= EXERCISE BRIEF =
Output must consist only of the lines of the material below from the one with "verruche sul corpo" through the one with "Jujuy: la mitad", each reproduced exactly; no pictures belong in it.

= MATERIAL PROVIDED =
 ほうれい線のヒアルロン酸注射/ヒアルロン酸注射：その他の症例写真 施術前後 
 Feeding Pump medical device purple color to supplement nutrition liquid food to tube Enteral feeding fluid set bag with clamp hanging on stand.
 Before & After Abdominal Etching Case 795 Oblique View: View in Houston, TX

--

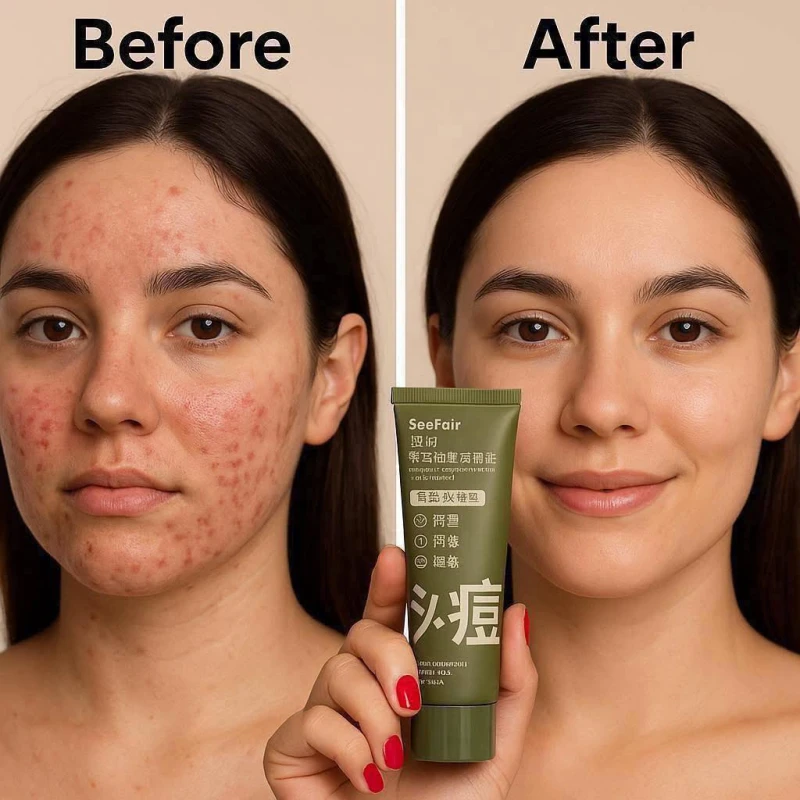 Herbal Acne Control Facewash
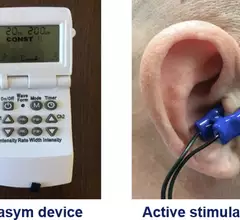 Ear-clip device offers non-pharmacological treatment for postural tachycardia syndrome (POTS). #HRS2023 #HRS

* * *

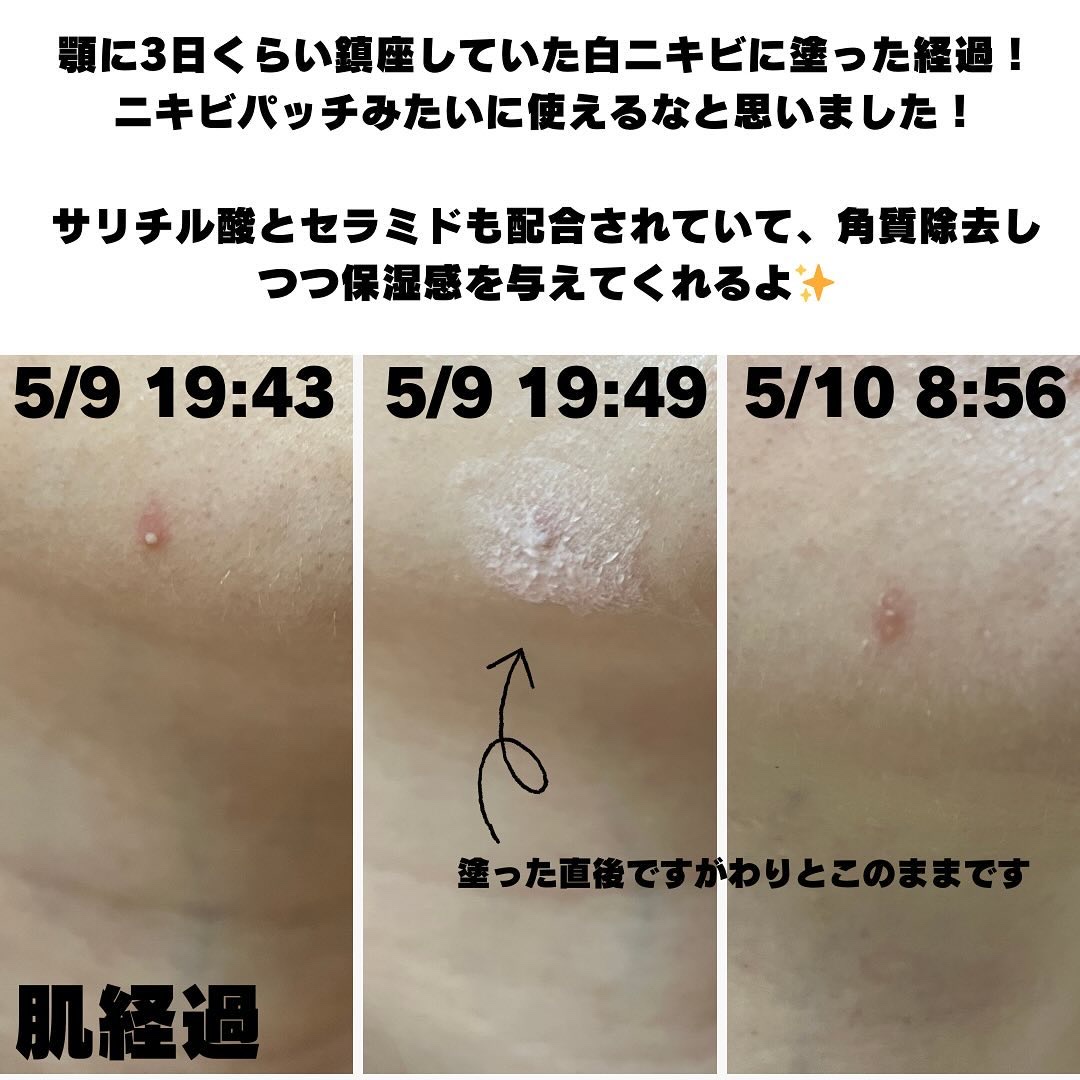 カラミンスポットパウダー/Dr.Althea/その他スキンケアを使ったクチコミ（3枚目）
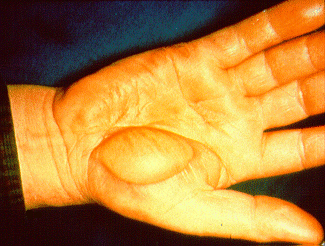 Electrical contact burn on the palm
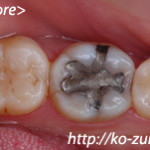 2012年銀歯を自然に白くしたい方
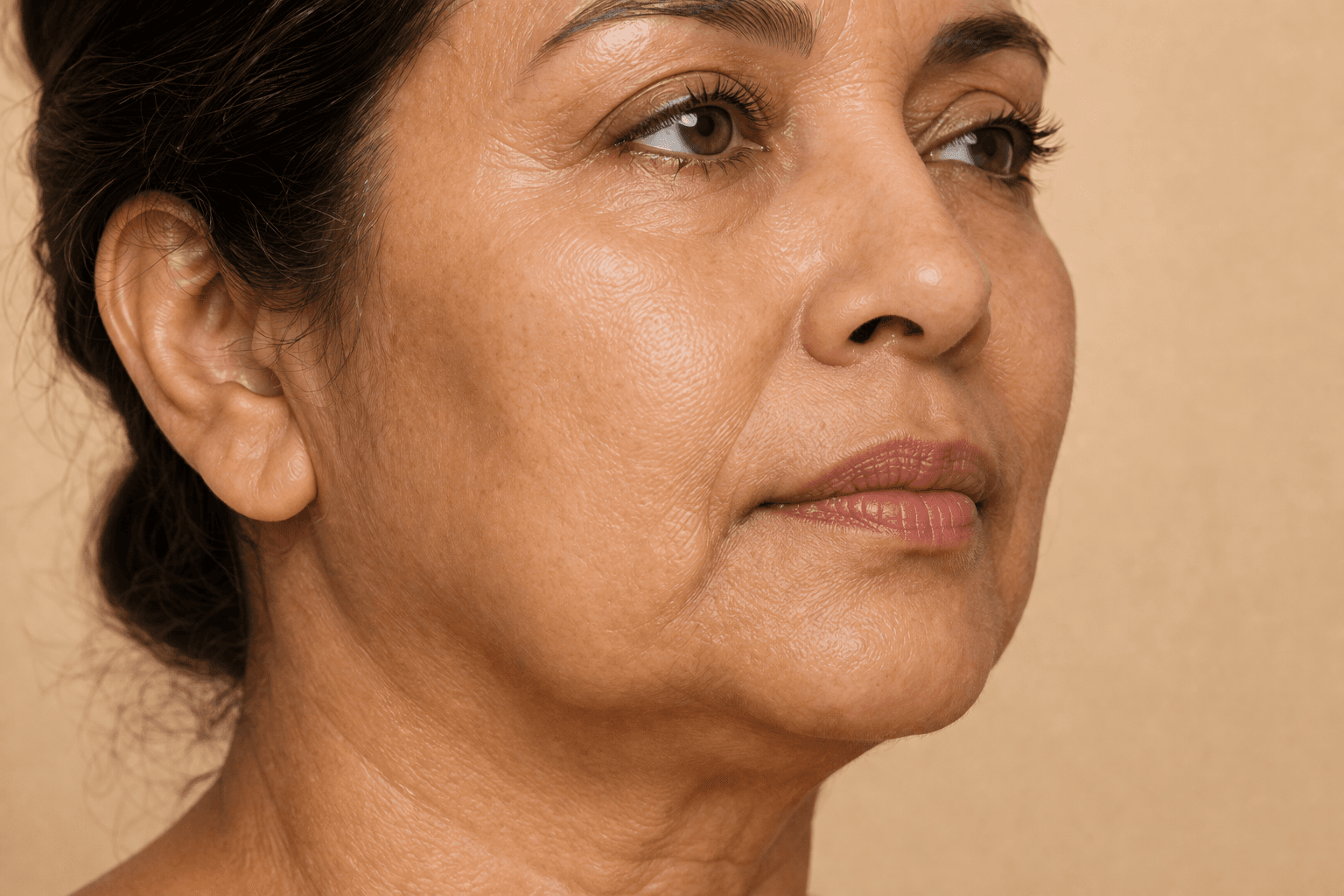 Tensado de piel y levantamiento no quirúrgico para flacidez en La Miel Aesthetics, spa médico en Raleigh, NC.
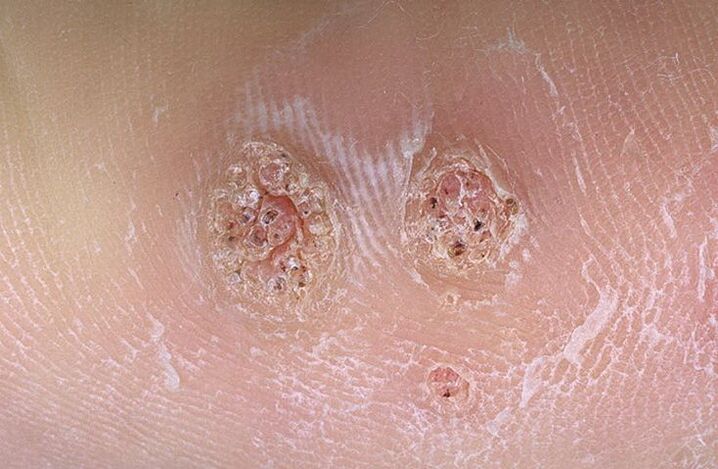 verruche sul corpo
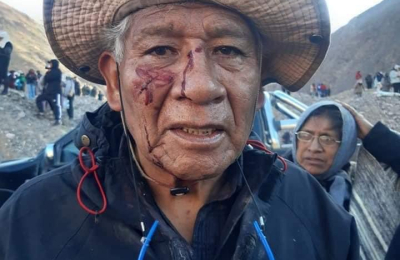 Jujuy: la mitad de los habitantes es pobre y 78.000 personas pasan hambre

= OUTPUT OF THE EXERCISE =
 verruche sul corpo
 Jujuy: la mitad de los habitantes es pobre y 78.000 personas pasan hambre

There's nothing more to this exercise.